Plotting schools Port Elizabeth using shell scripting
Earlier this year I was in Port Elizabeth, South Africa to help the organization Ready4Life with their Smart School Network project.
To gain an overview of all the schools that can be connected to the Smart School Network we wanted to plot all the schools in Port Elizabeth and the surrounded townships onto Google Maps.
The script explained in this post can be found on the wiki.
My South African IT colleague was able to find his way on the ‘net’ and found a list of all the schools in Port Elizabeth. As you can see in the image the list of schools he found had an suburb for every school.
In this overview there was not an exact address or sometimes there was no suburb provided for a school.

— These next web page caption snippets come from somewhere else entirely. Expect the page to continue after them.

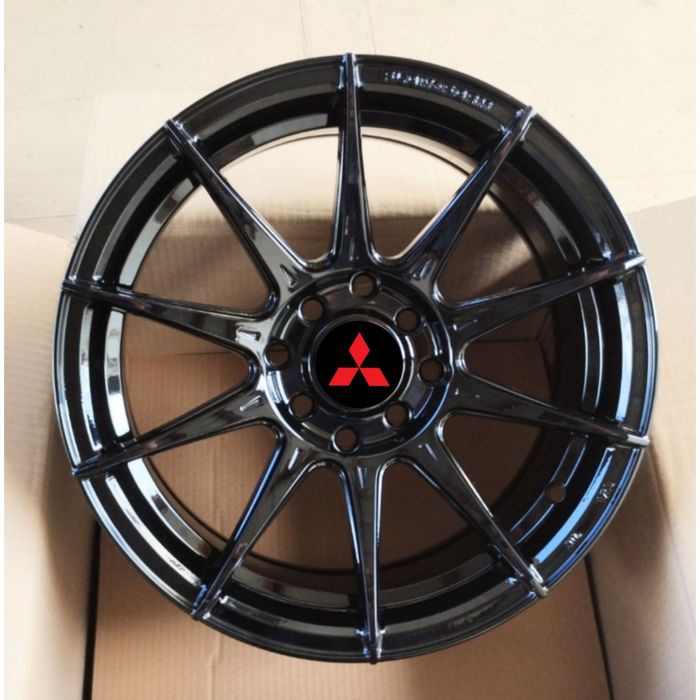Jante NOI Mitsubishi Colt Carisma Galant 4 x 114.3 R15 4x 100 R15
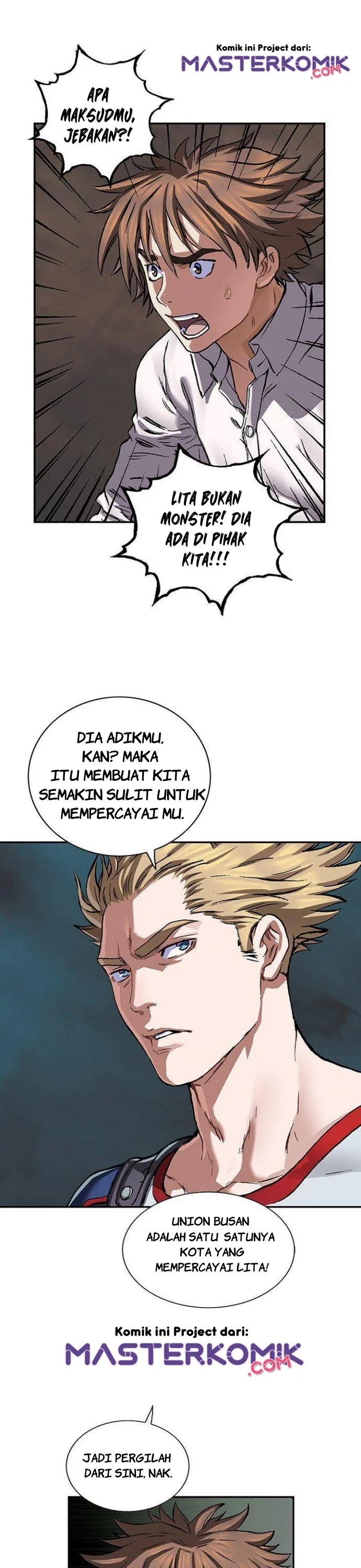 Halaman 22 — Leviathan Chapter 158
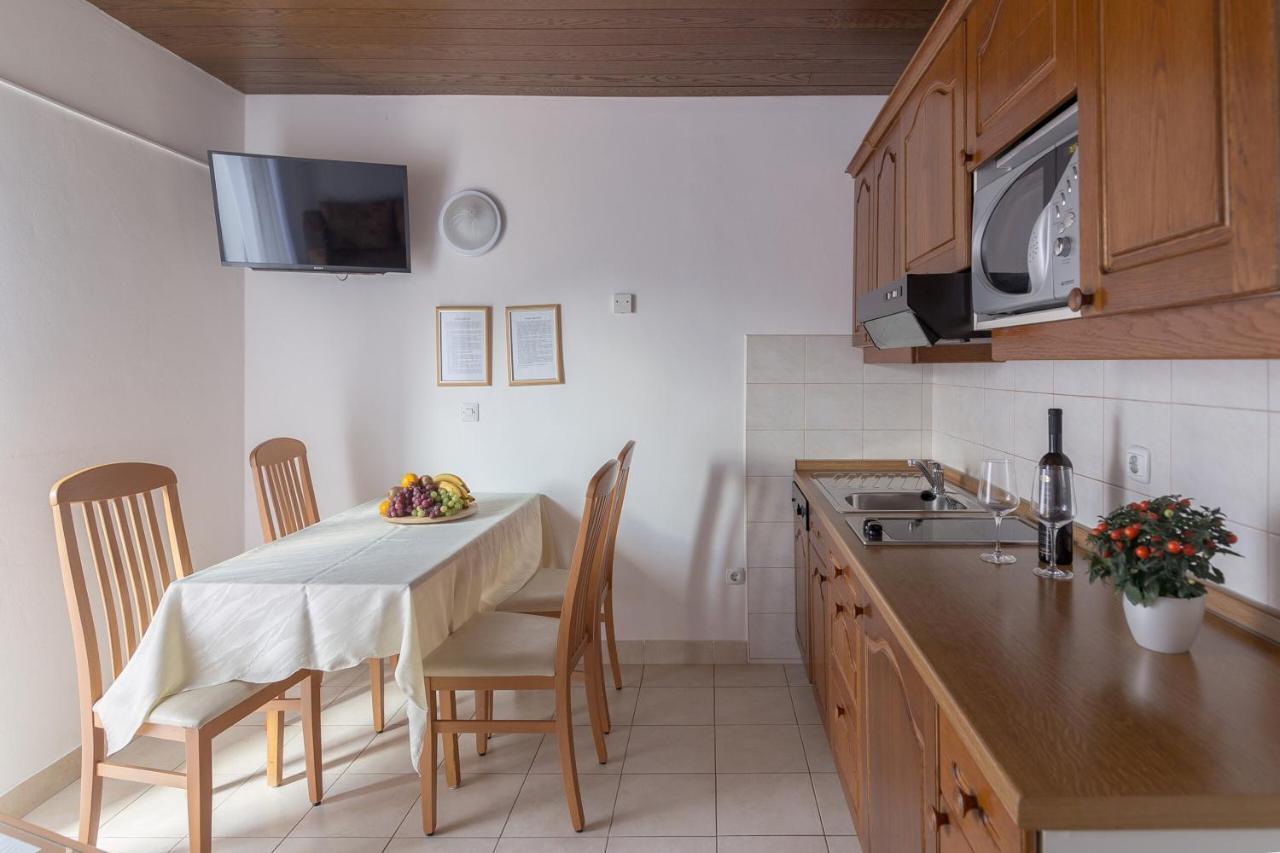 Apartments Fine Stay Bled Extérieur photo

We could solve this challenge by manually looking up every school.
Since the list consisted of 175 schools manually looking up every school would take quite some time.
My South African friend tried really hard to look up every school and collect coordinates, but at the end of the day he only found the coordinates for a couple of schools.
The next morning I thought we can do this easier, time to create a shell script for it. We copied all the information from the webpage into Excel and with the help of some Excel formulas created an easy overview of all the schools.
This overview could then be exported as a CSV file that used the ‘;’ (semicolon) sign as a separator to separate the data of the different fields such as the name of the school, suburb or telephone number.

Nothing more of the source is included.